▸ **GOAL OF THE EXERCISE**: Write out exactly the lines from the one that contains "South Beach straw bucket hat in green stripe" down to the last line of the material below, keeping both ends and omitting pictures.

**********

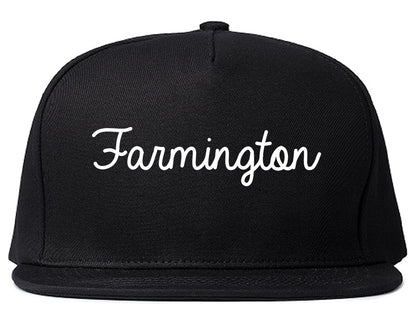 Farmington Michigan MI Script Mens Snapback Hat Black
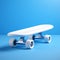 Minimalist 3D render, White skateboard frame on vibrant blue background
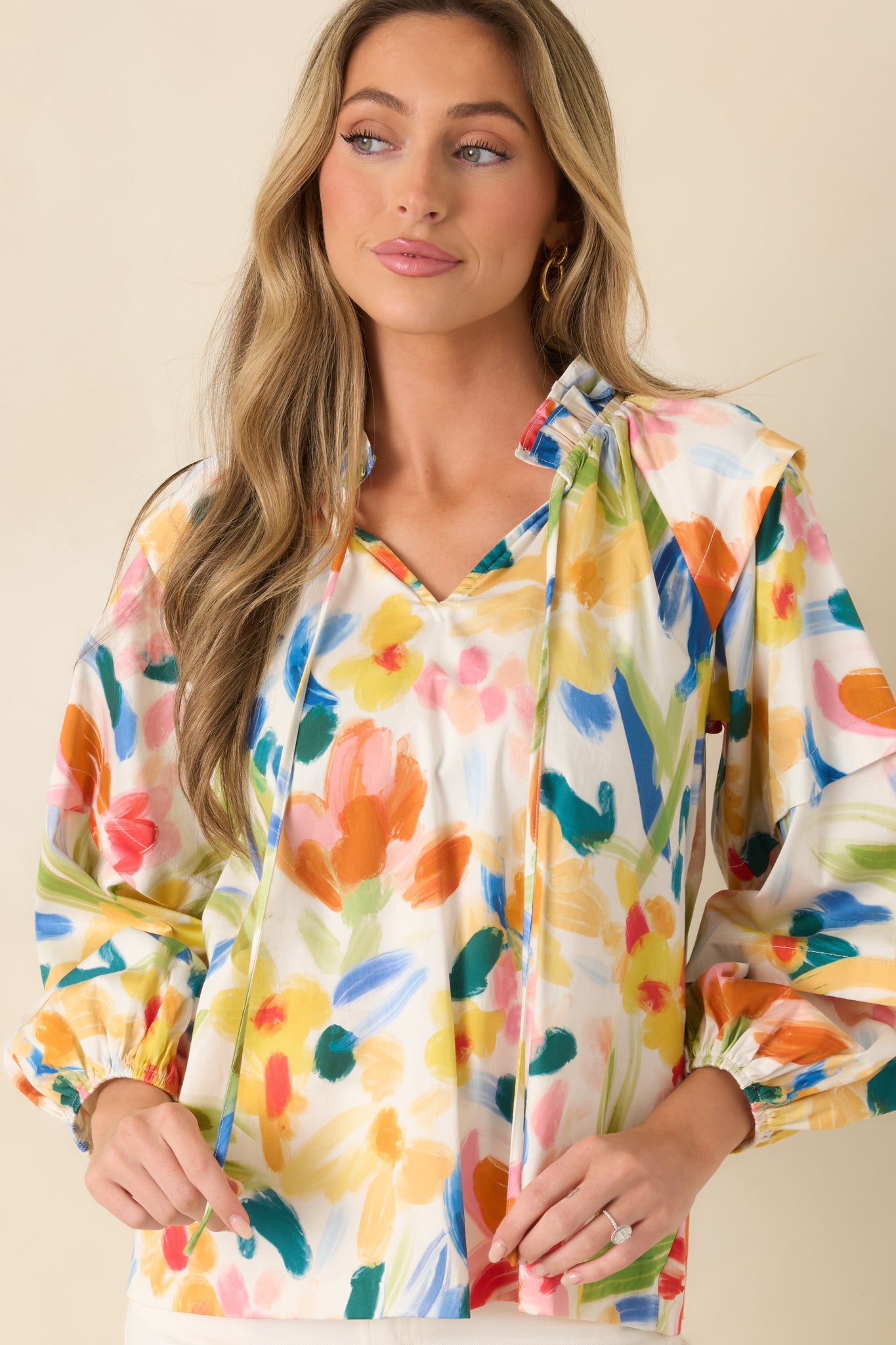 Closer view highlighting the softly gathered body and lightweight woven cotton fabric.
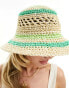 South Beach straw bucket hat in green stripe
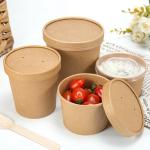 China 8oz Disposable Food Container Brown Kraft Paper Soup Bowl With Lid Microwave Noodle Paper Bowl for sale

**********

▸ **RESPONSE TO THIS EXERCISE**:
 South Beach straw bucket hat in green stripe
 China 8oz Disposable Food Container Brown Kraft Paper Soup Bowl With Lid Microwave Noodle Paper Bowl for sale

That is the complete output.